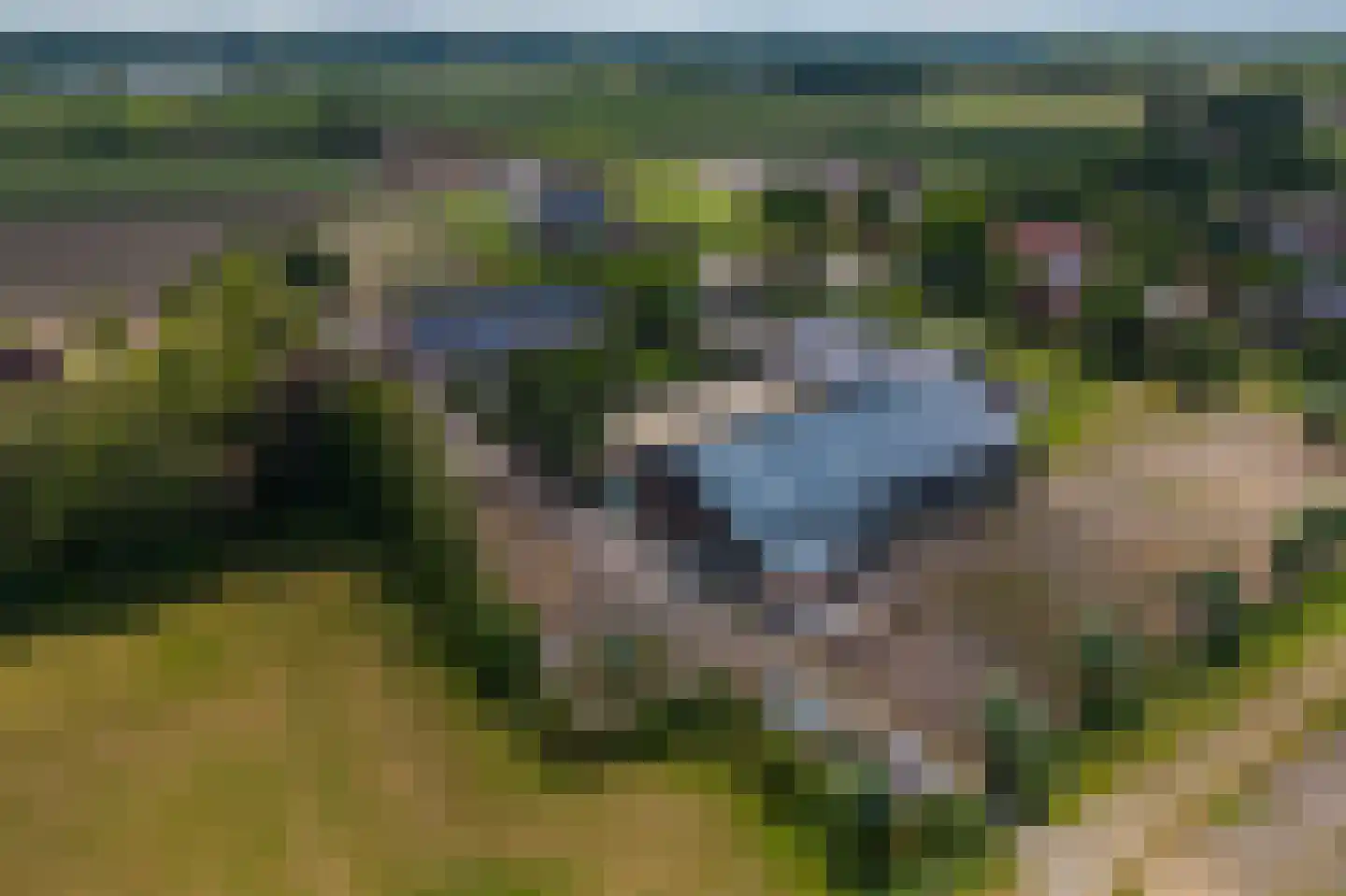 Achtmaalseweg 136 Zundert thumbnail 8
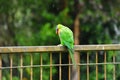 Rainbow Lorikeet on a Fence in the Rain Royalty Free Stock Photo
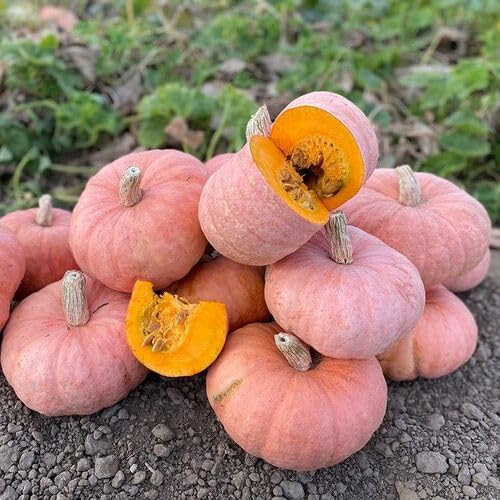 Pink Pumpkin vegetable seeds - Heirloom, Organic, Non Gmo Garden Seeds for kitchen garden planting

■ Exercise goal:
What you print must be exactly the lines from the one containing "Rainbow Lorikeet on" through the last line of the material, and no pictures.

■ Task solution:
 Rainbow Lorikeet on a Fence in the Rain Royalty Free Stock Photo
 Pink Pumpkin vegetable seeds - Heirloom, Organic, Non Gmo Garden Seeds for kitchen garden planting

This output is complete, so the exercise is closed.